__TASK TO COMPLETE__: Leaving out every picture, copy the lines of the data exactly, from the first through the line containing "Truck bays at".

__SOURCE MATERIAL__:
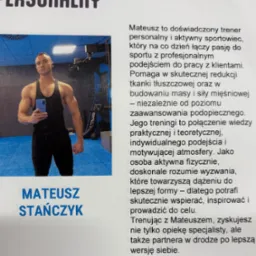 Przystojny trener personalny z Pruszkowa prezentuje sylwetkę na tle siłowni, trzymając telefon. Widoczny napis 'Trener Personalny' i logo 'Zdrofit'.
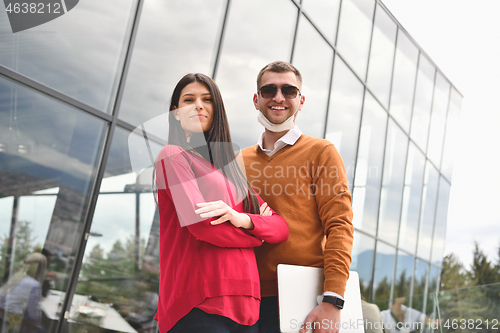 Image of business people wearing protective mask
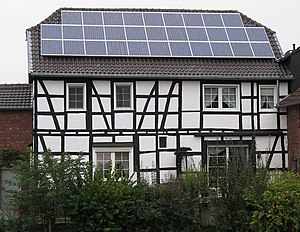 Timber framed house with a photovoltaic array ...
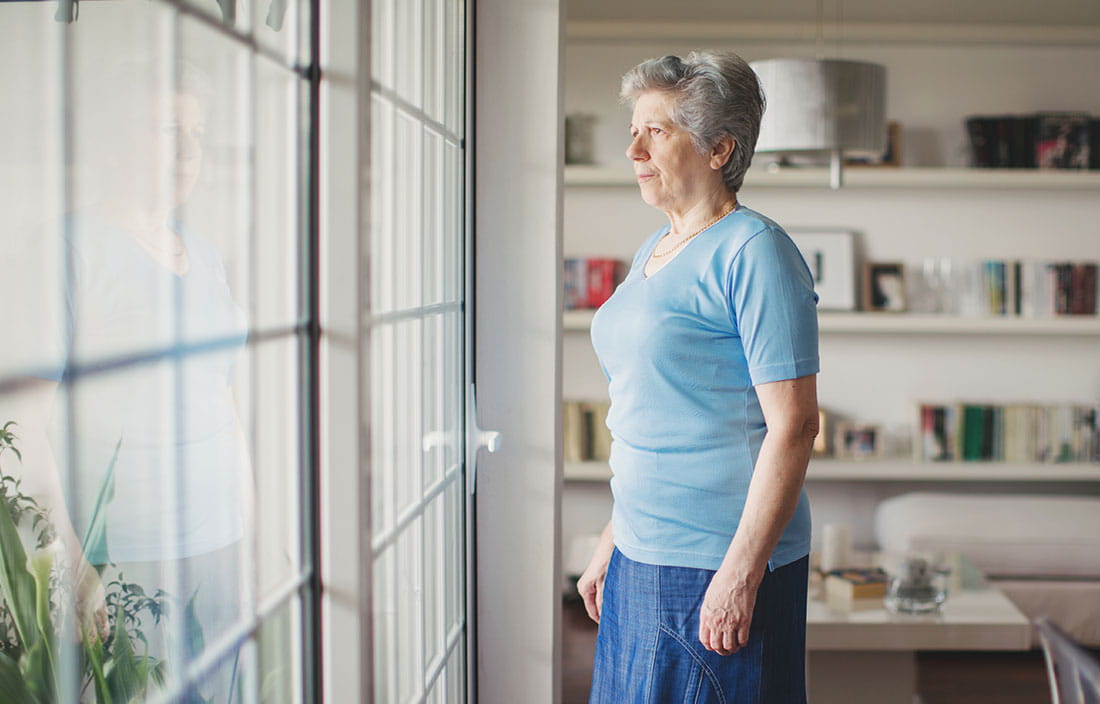 Senior woman looking out the window of her home, concerned
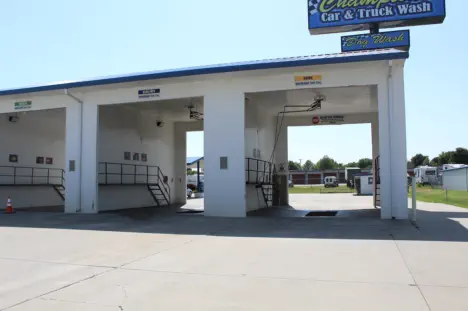 Truck bays at Champions Car and Truck Wash, designed to accommodate semis with taller height and catwalks on either side for easy cleaning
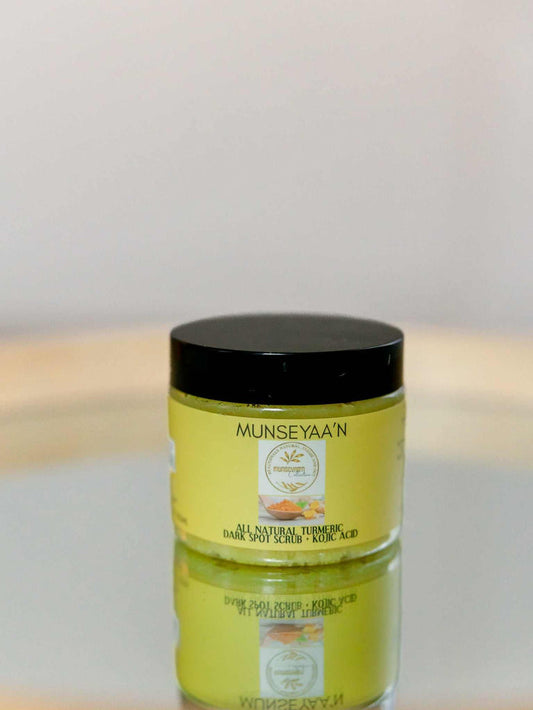 Jar of turmeric scrub for dark spots with natural exfoliating ingredients and nourishing oils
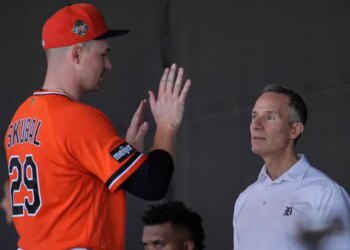 Detroit Tigers owner Chris Ilitch speaks with pitcher Tarik Skubal during spring training workouts.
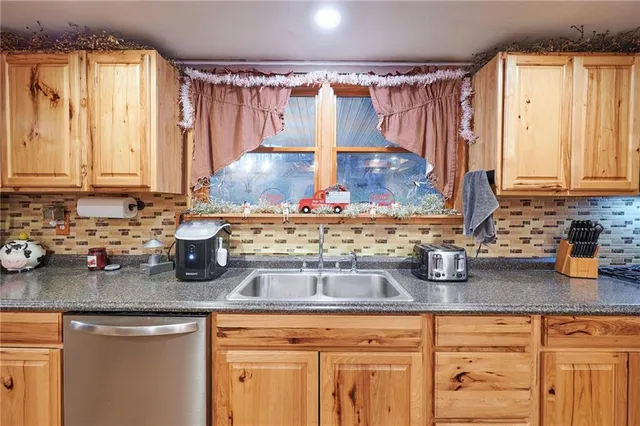 a kitchen with stainless steel appliances kitchen island granite countertop a table chairs and a refrigerator
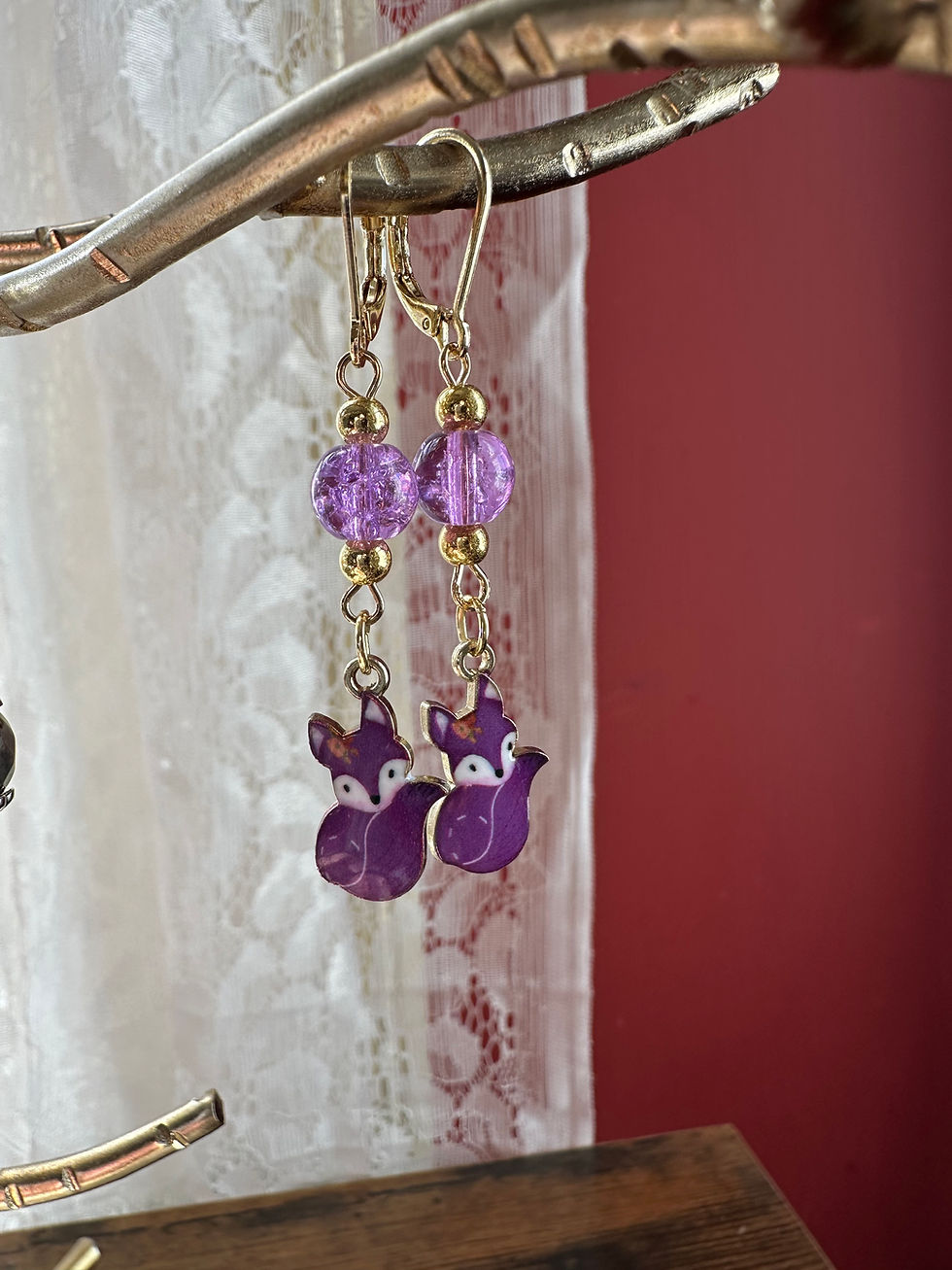Thumbnail: Purple fox dangles 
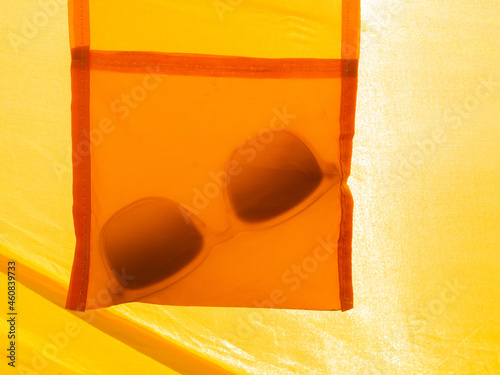 abstract orange and yellow image of sunglasses symbolizing the summer feeling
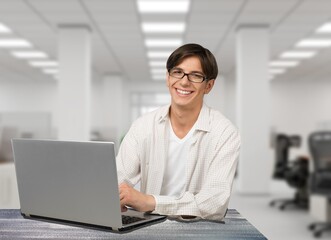 Young man work using computer hand typing laptop keyboard. student study learning education online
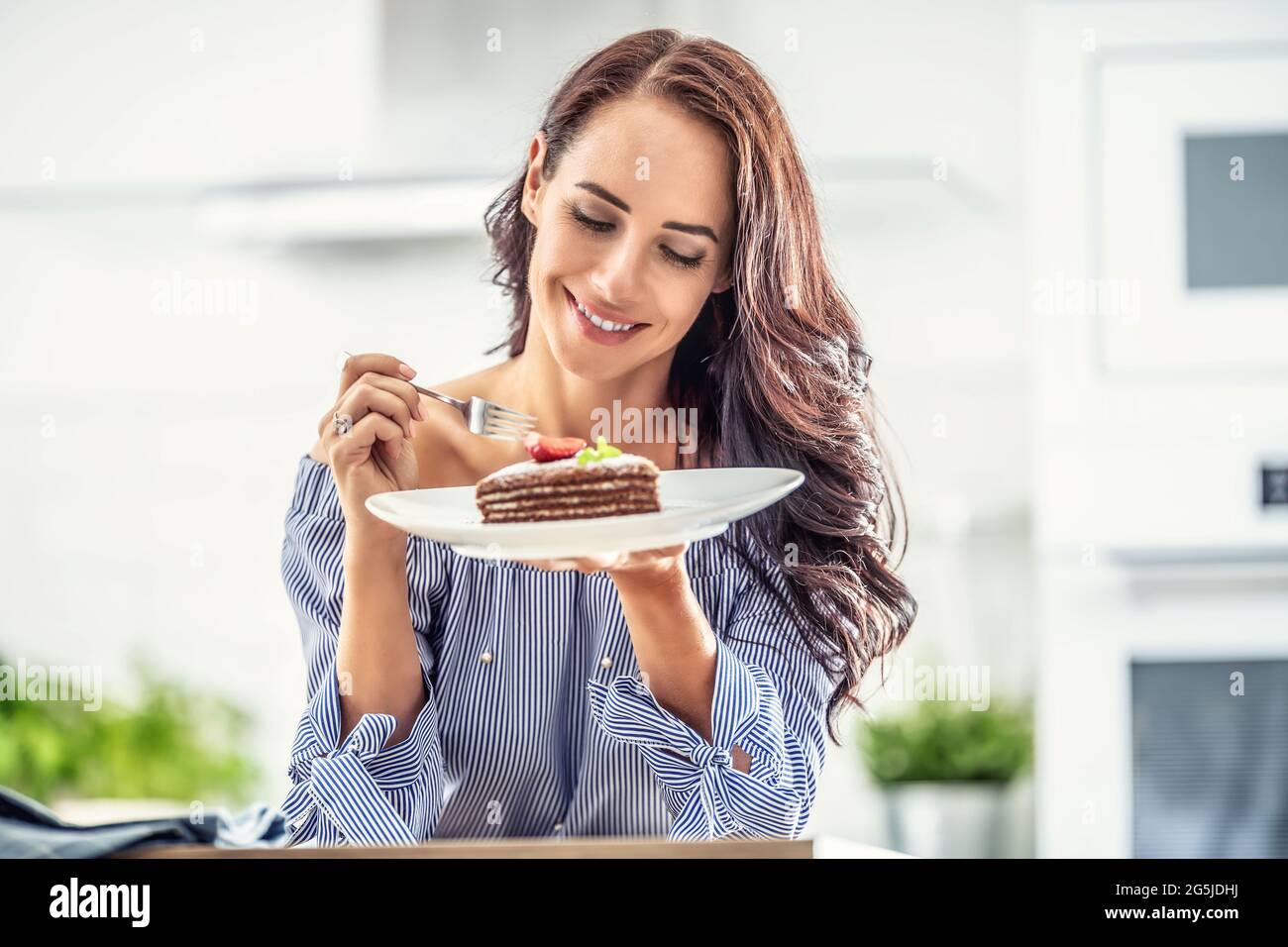 Layered brown adn white cake with strawberry and mint leaf on top held by a woman with a fork indoors. Stock Photo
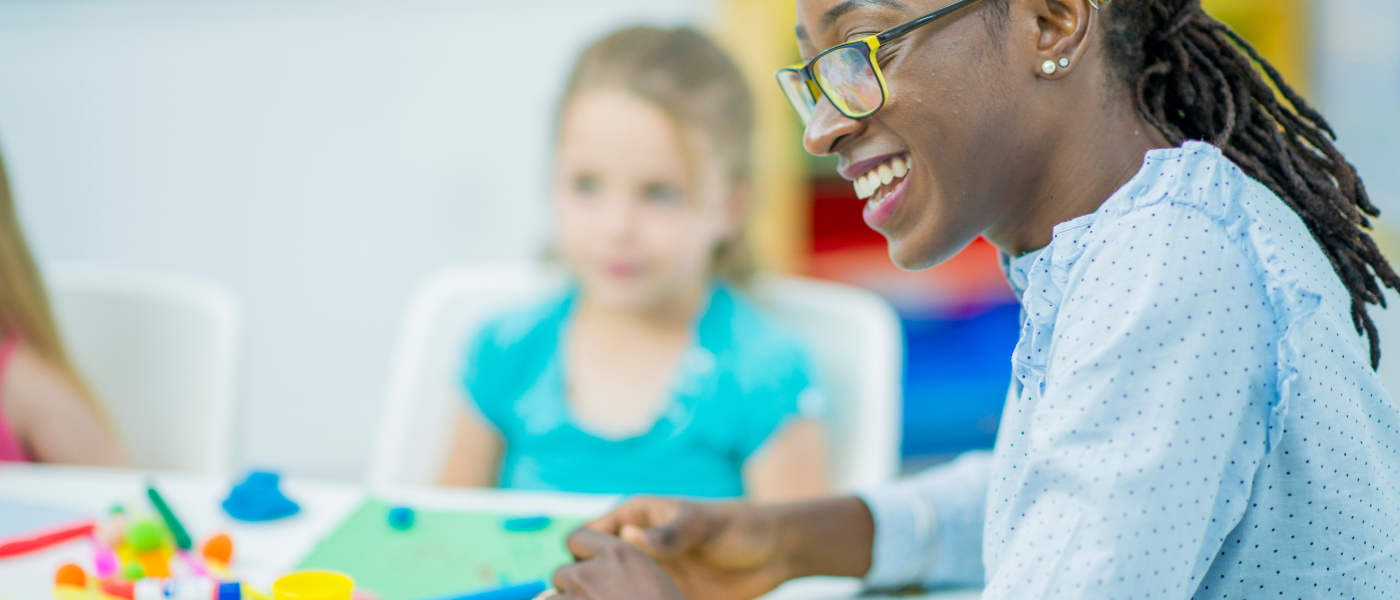 A teacher smiles at the class while a student looks on.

__ANSWER TO THE EXERCISE__:
 Przystojny trener personalny z Pruszkowa prezentuje sylwetkę na tle siłowni, trzymając telefon. Widoczny napis 'Trener Personalny' i logo 'Zdrofit'.
 Image of business people wearing protective mask
 Timber framed house with a photovoltaic array ...
 Senior woman looking out the window of her home, concerned
 Truck bays at Champions Car and Truck Wash, designed to accommodate semis with taller height and catwalks on either side for easy cleaning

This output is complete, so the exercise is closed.